--- START ---

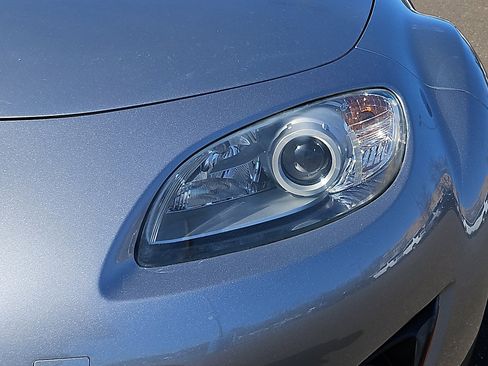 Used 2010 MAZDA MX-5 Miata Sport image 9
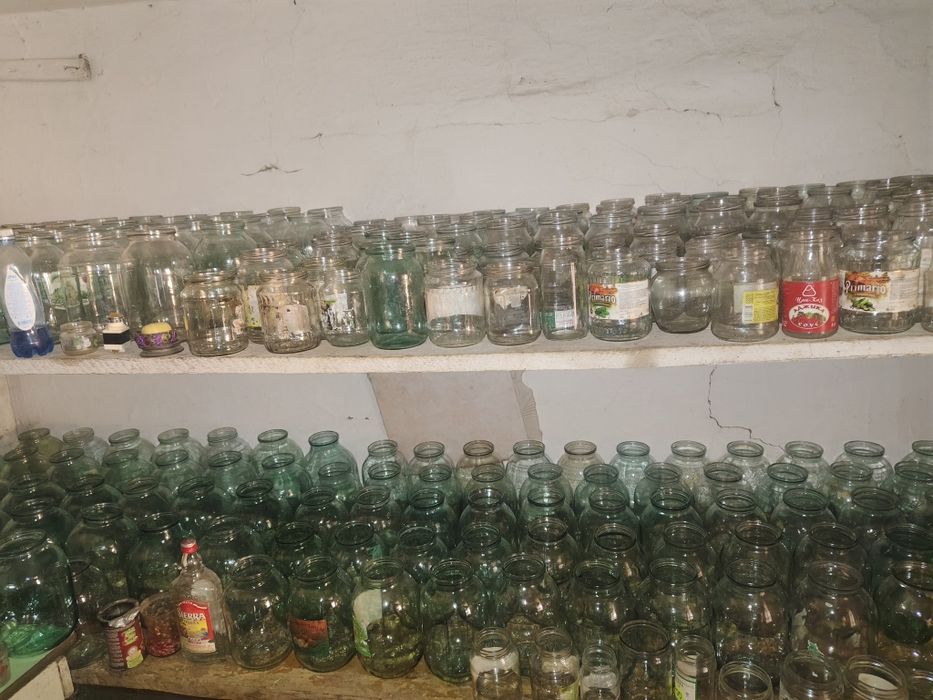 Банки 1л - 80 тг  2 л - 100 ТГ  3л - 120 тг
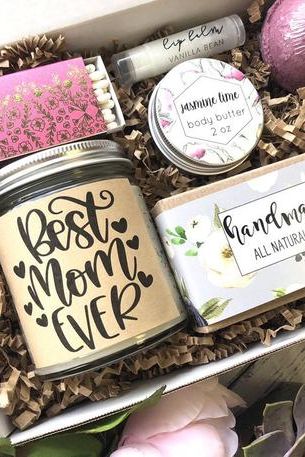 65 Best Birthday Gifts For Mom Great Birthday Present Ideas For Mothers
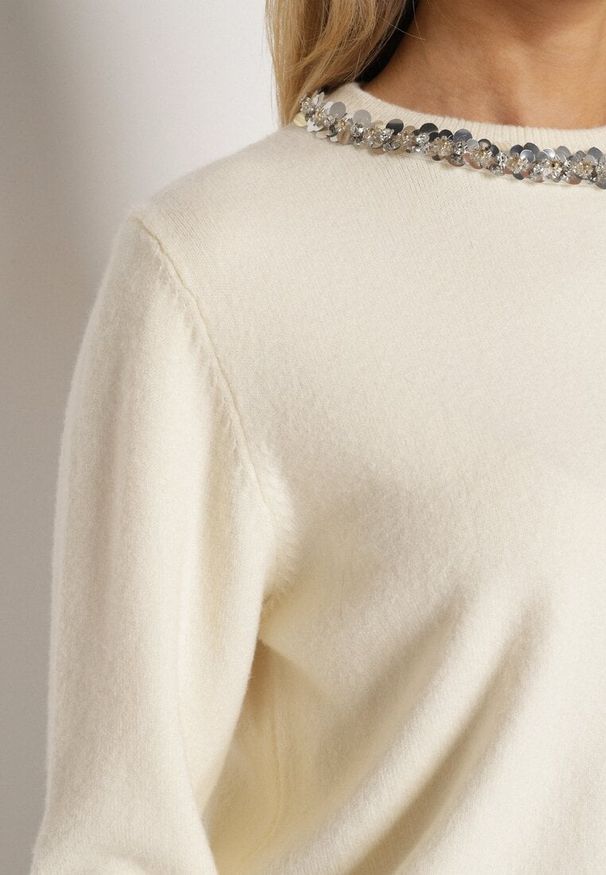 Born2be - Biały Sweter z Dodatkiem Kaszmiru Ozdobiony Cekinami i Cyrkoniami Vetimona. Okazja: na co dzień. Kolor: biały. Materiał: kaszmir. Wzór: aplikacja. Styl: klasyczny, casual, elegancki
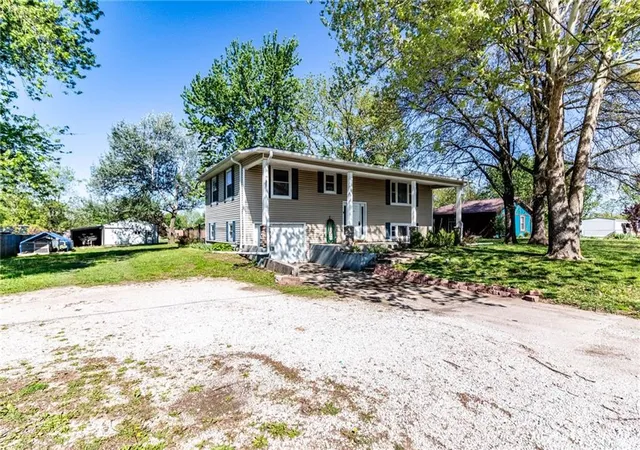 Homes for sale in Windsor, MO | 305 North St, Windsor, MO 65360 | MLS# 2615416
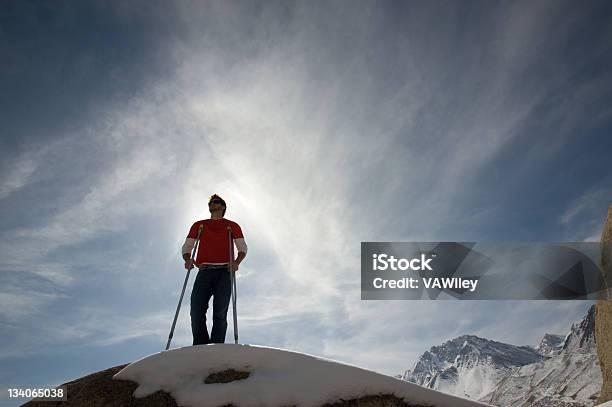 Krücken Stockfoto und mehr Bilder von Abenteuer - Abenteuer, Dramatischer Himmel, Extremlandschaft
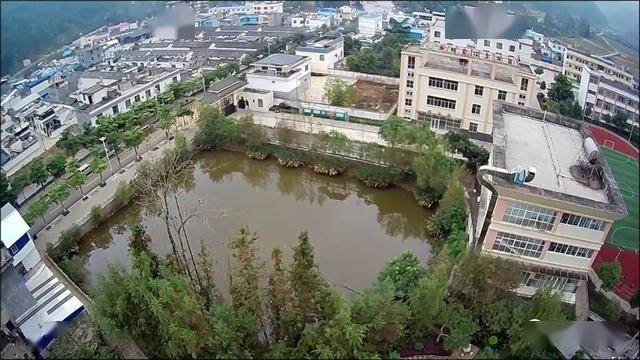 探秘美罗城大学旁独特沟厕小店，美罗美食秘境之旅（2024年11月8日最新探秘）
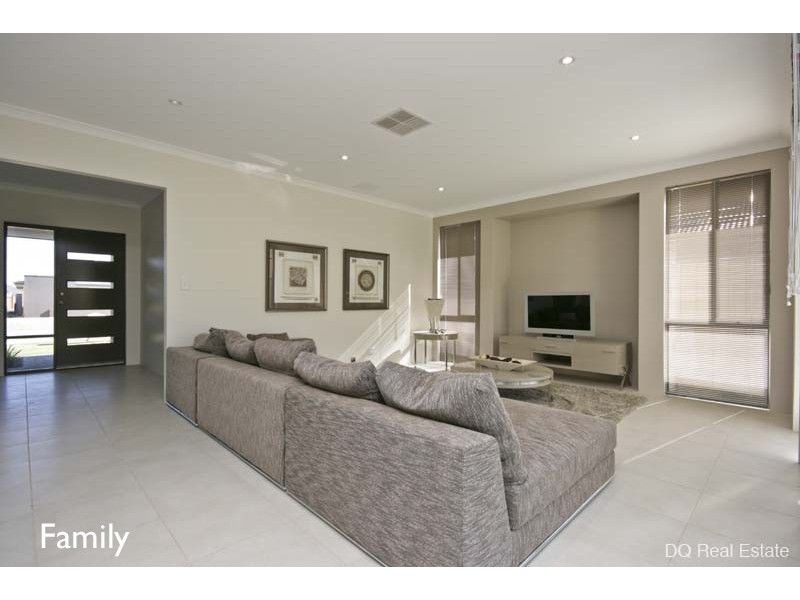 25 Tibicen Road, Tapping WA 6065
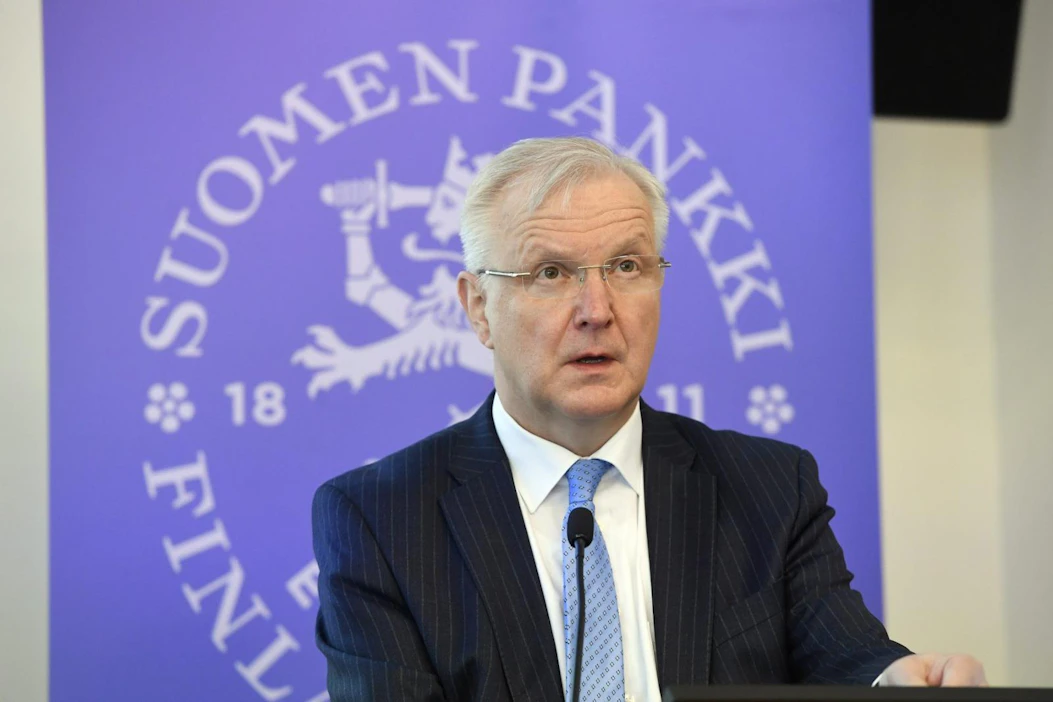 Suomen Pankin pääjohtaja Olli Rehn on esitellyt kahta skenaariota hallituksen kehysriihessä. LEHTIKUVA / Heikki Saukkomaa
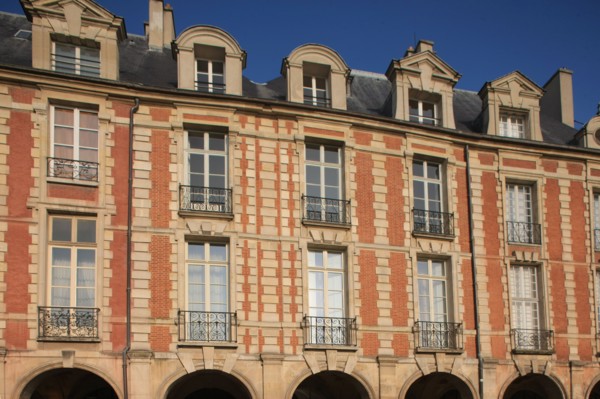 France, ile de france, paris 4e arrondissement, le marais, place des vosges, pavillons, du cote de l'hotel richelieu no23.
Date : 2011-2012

--- END ---

• [What is being asked]: The data above must be given again in full and unaltered, minus its images.

• [Response to the task]:
 Used 2010 MAZDA MX-5 Miata Sport image 9
 Банки 1л - 80 тг  2 л - 100 ТГ  3л - 120 тг
 65 Best Birthday Gifts For Mom Great Birthday Present Ideas For Mothers
 Born2be - Biały Sweter z Dodatkiem Kaszmiru Ozdobiony Cekinami i Cyrkoniami Vetimona. Okazja: na co dzień. Kolor: biały. Materiał: kaszmir. Wzór: aplikacja. Styl: klasyczny, casual, elegancki
 Homes for sale in Windsor, MO | 305 North St, Windsor, MO 65360 | MLS# 2615416
 Krücken Stockfoto und mehr Bilder von Abenteuer - Abenteuer, Dramatischer Himmel, Extremlandschaft
 探秘美罗城大学旁独特沟厕小店，美罗美食秘境之旅（2024年11月8日最新探秘）
 25 Tibicen Road, Tapping WA 6065
 Suomen Pankin pääjohtaja Olli Rehn on esitellyt kahta skenaariota hallituksen kehysriihessä. LEHTIKUVA / Heikki Saukkomaa
 France, ile de france, paris 4e arrondissement, le marais, place des vosges, pavillons, du cote de l'hotel richelieu no23.
Date : 2011-2012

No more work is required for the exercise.